Why Is This Formula Used?
The permutation formula for multisets is essential when dealing with repeated elements. It ensures that identical elements are not counted multiple times, which provides an accurate count of unique arrangements.
Practical Example
Imagine arranging the letters in the word "AABB". If each letter were unique, you’d have 4! arrangements. However, since A and B repeat, the formula adjusts to:
[
\frac{4!}{2! \times 2!} = \frac{24}{4} = 6
]
This same logic applies to the digits in 11223344.
Related Questions
What Is a Multiset?
A multiset is a collection of items where members are allowed to repeat. This concept is crucial in combinatorics, particularly when calculating permutations and combinations with repeated elements.

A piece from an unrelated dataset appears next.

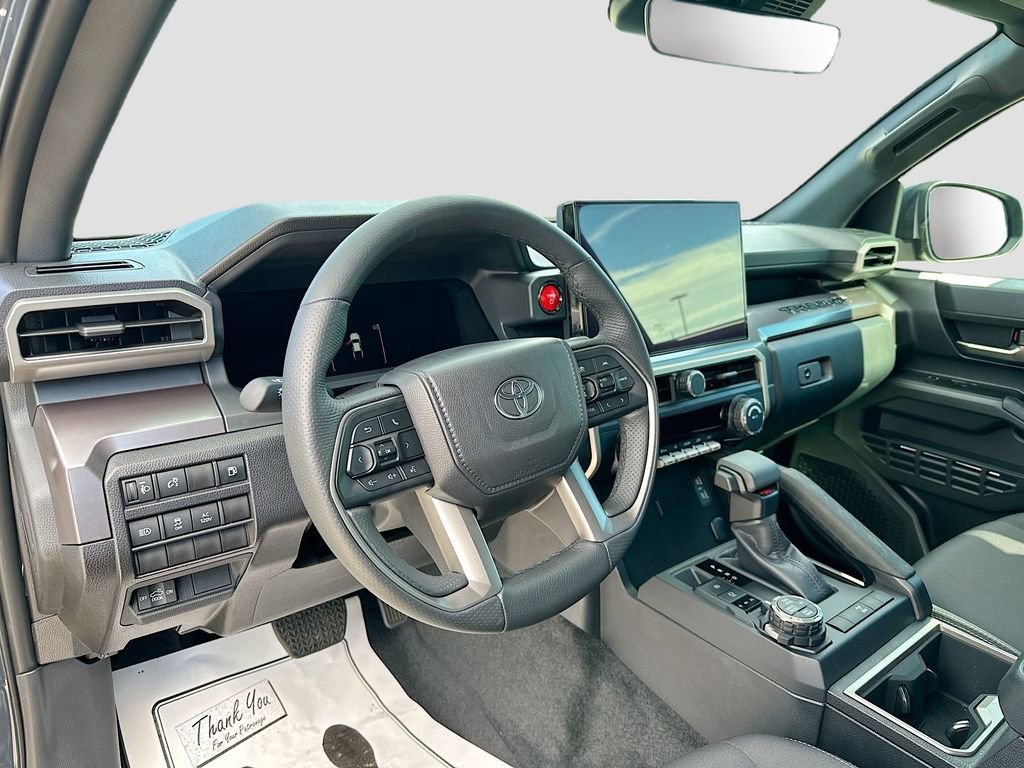 Used 2025 Toyota Tacoma TRD Off-Road image 9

How Do Factorials Work in Permutations?
Factorials are used to calculate the total number of ways to arrange a set of items. For example, 4! means arranging four distinct items, calculated as 4 × 3 × 2 × 1 = 24.
Can This Method Be Used for Other Numbers?
Yes, this method can be applied to any set of numbers or items with repetitions. The key is identifying the frequency of each distinct item.
What Are Other Applications of Multiset Permutations?
Multiset permutations are used in various fields, including:
- Cryptography: Creating secure codes with repeated elements.
- Statistics: Calculating probabilities in repeated trials.
- Computer Science: Optimizing algorithms for data with repeated entries.
Conclusion
By using the permutation formula for multisets, you can accurately determine that 2,520 unique 8-digit numbers can be formed from the digits of 11223344. This technique is not only useful in theoretical mathematics but also has practical applications in various fields.
For further exploration, consider reading about combinatorics and probability theory, which delve deeper into similar mathematical concepts.